I agree, I've used Go before I learned Rust and seeing the differences really changed my mind. I used to use OCaml before so I understood the value of Option and Result types over try/catch and `nil`, but I used Go because it was easy. However, that easiness comes at a cost, namely maintenance over time. You want to get it right the first time around and not have to face challenges later on.
Not to be flippant, but I've often heard Go described as taking the programming language advances over the last 50 years and throwing them away.
> but I've often heard Go described as taking the programming language advances over the last 50 years and throwing them away.
That's by design, right? Go is very opinionated. They looked at other languages that they hated, e.g., C++/Java and didn't want to replicate them. But then adding their own mistakes along the way.
The brand new mistake that surprised me was that nil does not always equal nil. So just checking for nil is not enough sometimes, one has to "cast" as nil to the type you're expecting. And goland doesn't catch it. C++/Java/Python/C, null always equals null. But not in golang. shrug
The primary issue I have is that go doesn't make it very easy to write unit tests. You have to use interfaces everywhere just to inject your mocks.
I feel like that's the big mistake they made. Any new language needs to make it super easy to write unit tests without forcing major design decisions that affects development.
> That's by design, right? Go is very opinionated. They looked at other languages that they hated, e.g., C++/Java and didn't want to replicate them.
It’s a pity there’s no other languages in the world that they could have taken good design from, rather than looking at a handful of languages they didn’t like and basically throwing the baby out with the bath water.
I've always thought the best languages were just a step up from another language.
C with garbage collection that compiled natively and had a sane FFI to C would be a good addition. Add a decent library to get work done quickly and you've got a great solution.
That's what it felt like golang was trying to do. I do think it's easier to pick up than C. But it's not something I would say, you must write your code in.
People have raised dozens of issues on the Go tracker because they got stumped by this.

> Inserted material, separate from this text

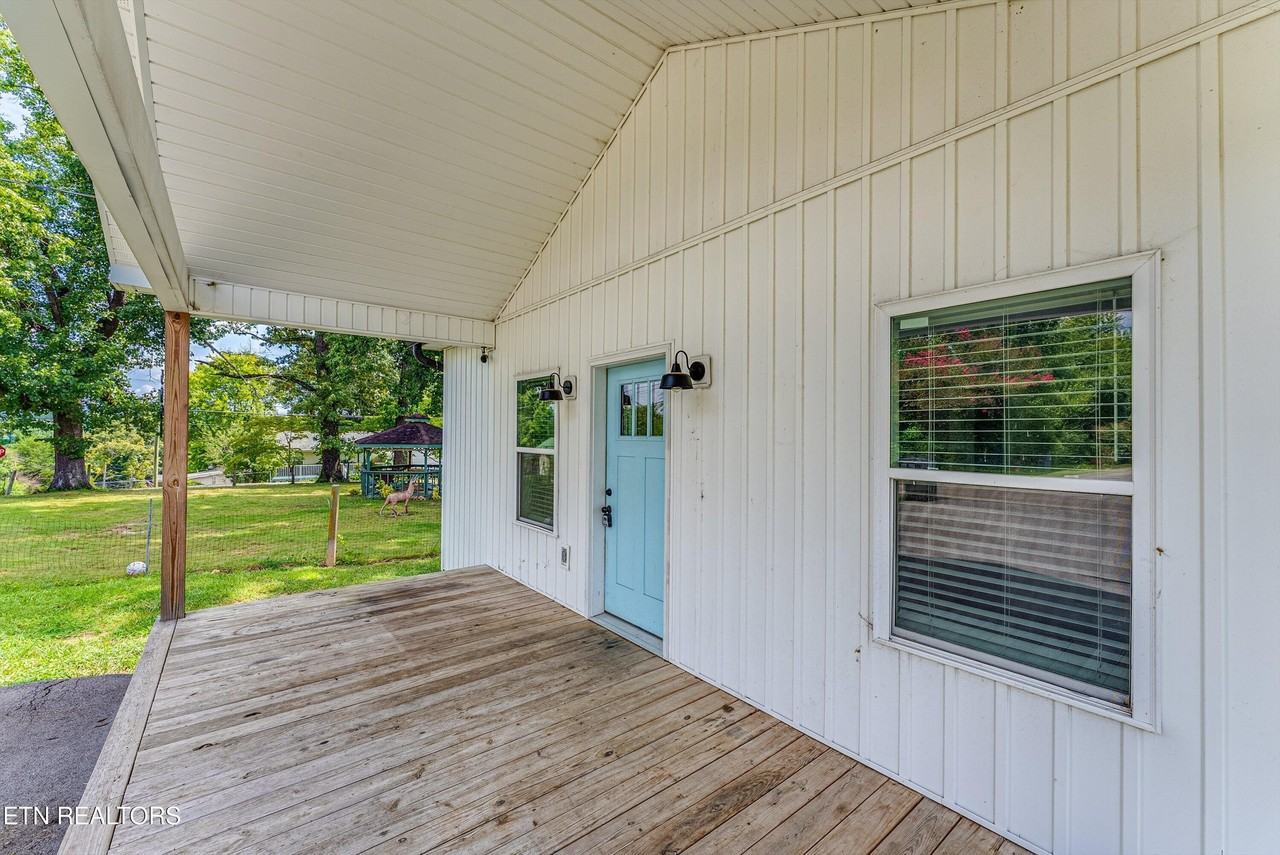 5004 Knoxwood Dr - Photo 4 of 37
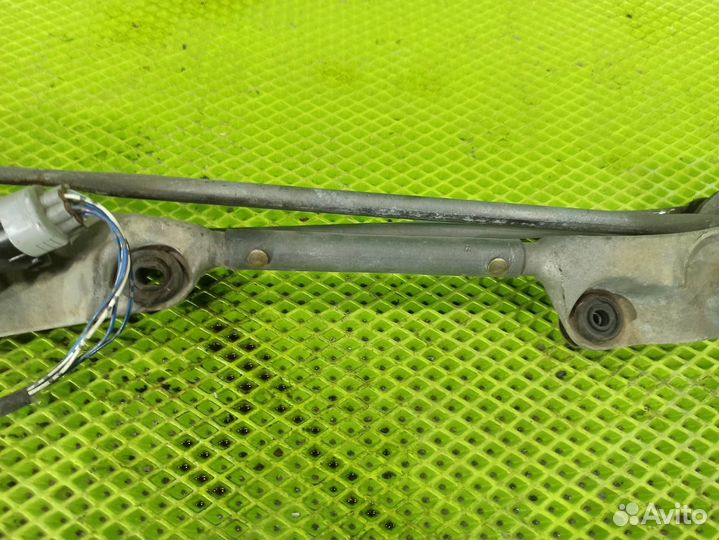 Трапеция стеклоочистителей Toyota Mark II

You don't really need to look hard on a search engine to see thousands of questions/issues.
If you don't believe me, take a project like k8s and starting from its inception, you can see dozens of issues where people have to explain function returns a nil interface and not a nil value. This is explained a stupendous number of times.
Now repeat this for thousands of Go projects.
Of-course you can claim this is not an issue in the same way that anyone can claim that buffer overflows are not an issue in C/C++ for "real" programmers.
I see people say that they're confused by it a lot, sure. But do the bugs get to production? That was my question. Buffer overflows get to production all the time! But do the concrete vs interface nils get to production or are they caught in dev and then someone opens an issue to ask why it doesn't work? I suspect it's more the later.
Obviously, it would be better if Go didn't have this problem. If I made Go 2, it would have blank interface be "none" and blank pointer be "null". Even better, I would add a reference type that can't be null and sum types or something like that. But these things are all relative.
In Python, people using "is" for numbers is a problem. But in practice only very junior developers do that and it mostly gets caught in dev. There was the Digg outage caused by a default argument being [] instead of None https://lethain.com/digg-v4/ and that I see as a slightly more serious bug that can slip by without good code review.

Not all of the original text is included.